Dominique Roch schlug als mögliche Lösung vor, die Zusammenarbeit zwischen verschiedenen lokalen Akteuren, einschließlich Geschäften, kleineren Eigentümern oder Medienanstalten zu stärken, um die Schwierigkeiten des Coronavirus gemeinsam zu überwinden: „Finden Sie andere Menschen, die kleine Unternehmen managen, gemeinsam können Sie groß werden“.
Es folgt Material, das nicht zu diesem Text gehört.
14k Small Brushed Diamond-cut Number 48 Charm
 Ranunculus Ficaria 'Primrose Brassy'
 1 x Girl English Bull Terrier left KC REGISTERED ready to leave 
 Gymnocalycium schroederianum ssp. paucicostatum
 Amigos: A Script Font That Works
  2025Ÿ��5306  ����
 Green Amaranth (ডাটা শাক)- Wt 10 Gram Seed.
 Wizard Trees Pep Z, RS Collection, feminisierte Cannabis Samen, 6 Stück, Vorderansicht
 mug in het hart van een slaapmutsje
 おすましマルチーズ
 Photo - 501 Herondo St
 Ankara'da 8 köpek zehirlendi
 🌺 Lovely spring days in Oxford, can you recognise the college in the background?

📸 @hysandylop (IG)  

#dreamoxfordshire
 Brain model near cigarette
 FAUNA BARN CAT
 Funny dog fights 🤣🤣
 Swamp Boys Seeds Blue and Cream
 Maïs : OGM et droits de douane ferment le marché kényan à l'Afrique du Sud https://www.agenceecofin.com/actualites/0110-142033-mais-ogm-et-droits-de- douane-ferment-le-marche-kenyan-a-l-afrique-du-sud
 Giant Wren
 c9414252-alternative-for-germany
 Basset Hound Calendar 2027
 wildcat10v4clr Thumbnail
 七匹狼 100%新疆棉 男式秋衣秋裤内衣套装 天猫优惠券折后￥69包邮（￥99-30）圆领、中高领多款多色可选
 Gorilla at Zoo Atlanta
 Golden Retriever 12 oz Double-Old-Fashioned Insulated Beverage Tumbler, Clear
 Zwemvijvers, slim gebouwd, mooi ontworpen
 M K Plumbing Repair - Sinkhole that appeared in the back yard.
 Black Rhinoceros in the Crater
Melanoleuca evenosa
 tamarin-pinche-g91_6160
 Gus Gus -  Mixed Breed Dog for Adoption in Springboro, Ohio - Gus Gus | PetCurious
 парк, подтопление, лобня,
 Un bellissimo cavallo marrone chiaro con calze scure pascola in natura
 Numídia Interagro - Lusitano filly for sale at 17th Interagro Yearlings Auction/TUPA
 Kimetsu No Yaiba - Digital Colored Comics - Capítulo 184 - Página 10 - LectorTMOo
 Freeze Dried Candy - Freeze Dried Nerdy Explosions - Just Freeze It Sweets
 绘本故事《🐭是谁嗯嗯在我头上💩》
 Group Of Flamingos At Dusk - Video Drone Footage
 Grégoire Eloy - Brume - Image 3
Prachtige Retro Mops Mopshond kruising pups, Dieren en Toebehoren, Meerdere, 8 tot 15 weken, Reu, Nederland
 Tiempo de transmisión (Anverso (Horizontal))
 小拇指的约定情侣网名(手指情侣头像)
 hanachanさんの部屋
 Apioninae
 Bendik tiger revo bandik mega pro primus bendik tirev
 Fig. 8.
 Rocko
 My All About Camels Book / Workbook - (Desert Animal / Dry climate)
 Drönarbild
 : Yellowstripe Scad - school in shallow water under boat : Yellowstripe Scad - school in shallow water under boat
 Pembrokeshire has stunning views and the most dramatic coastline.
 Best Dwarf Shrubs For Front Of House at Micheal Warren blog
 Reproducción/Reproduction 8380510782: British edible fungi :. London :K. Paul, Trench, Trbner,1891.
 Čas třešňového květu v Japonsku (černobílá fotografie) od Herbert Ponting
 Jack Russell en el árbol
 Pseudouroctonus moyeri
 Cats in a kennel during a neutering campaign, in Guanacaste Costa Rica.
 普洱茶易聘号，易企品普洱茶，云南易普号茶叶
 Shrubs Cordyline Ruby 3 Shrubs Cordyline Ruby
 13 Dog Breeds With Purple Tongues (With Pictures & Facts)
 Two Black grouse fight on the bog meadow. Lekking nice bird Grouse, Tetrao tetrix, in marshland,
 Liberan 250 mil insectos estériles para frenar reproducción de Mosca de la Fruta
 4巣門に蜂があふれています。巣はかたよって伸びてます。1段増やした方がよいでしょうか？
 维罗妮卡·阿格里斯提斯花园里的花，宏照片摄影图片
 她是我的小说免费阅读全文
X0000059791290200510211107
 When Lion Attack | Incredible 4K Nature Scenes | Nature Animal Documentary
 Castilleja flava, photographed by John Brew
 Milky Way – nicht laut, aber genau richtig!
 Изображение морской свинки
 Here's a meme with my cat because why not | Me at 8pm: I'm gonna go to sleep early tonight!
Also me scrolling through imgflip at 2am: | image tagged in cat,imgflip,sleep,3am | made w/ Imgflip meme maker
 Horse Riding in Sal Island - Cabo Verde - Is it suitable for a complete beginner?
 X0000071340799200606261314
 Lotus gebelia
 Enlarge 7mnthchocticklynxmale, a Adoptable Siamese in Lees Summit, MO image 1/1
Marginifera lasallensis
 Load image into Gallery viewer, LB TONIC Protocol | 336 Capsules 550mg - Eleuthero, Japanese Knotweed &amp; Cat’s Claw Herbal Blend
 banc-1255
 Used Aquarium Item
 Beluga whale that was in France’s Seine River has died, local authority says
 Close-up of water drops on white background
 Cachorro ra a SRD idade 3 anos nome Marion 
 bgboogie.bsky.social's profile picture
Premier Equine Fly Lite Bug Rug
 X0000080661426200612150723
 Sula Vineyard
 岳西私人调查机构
Miroboard des “Wirtschaft” Roundtables:

 


 

Die strategischen Implikationen der einzelnen Roundtable-gespräche wurden in der abschließenden Plenumsdiskussion „The Path Ahead: Strategic Implications“ zusammengetragen. Der US-Aktivist Cory Doctorow formulierte die Abschlussworte „Wir stecken da alle gemeinsam drin“. Doctorow betonte in seiner Rede: „Wir sollten alle verstehen, dass Big Tech ein Krebsgeschwür ist“ und „Big Tech lügt ständig“. Er verwies auf eine Reihe leerer Versprechungen der GAFA und erklärte, dass diese Firmen mangels ausreichender Bestrafung davonkommen. So forderte er beispielsweise, ihnen endlich die legalen Instrumente für den unrechtmäßigen Gebrauch zu entziehen, anstatt nur eine Geldstrafe zu verhängen. Insbesondere vor dem Hintergrund des kontinuierlichen Strebens nach Profitmaximierung der Monopole seien härtere Strafen dringend erforderlich. Monopole hätten Millionen von Dollars, die sie nutzen können, die Justiz wie z.B. bei der Blockade von Datenschutzbestimmungen oder Wettbewerbsgesetzen zu verhindern. Dabei würden sie unseren politischen Prozess korrumpieren und unsere Fähigkeit zerstören, zwischen Wahrheit und Falschinformation zu unterscheiden. „Wenn wir erst einmal begreifen, dass wir, die wir uns um die Zukunft der Medien sorgen, und andere, die sich um jede andere monopolisierte Bewegung sorgen, alle auf derselben Seite stehen und uns um Pluralismus und Selbstbestimmung sorgen – wenn wir das erst einmal begriffen haben, dann werden wir nicht mehr aufzuhalten sein“, beendete Doctorow seine Rede.

Die Krise des Journalismus, die durch die Auswirkungen der Coronavirus-Pandemie noch verschärft wurde, hätte die europäische Medienordnung an einen Scheideweg gebracht: „Als demokratische Gesellschaften müssen wir jetzt darüber nachdenken, in welcher Öffentlichkeit und Medienlandschaft wir eigentlich leben wollen“, sagte Leonard Novy, Mitglied des M100-Beirats, abschließend. Die EU-Mitgliedsstaaten, betonte er, müssten bei der Festlegung ihrer digitalen Zukunft zusammenarbeiten.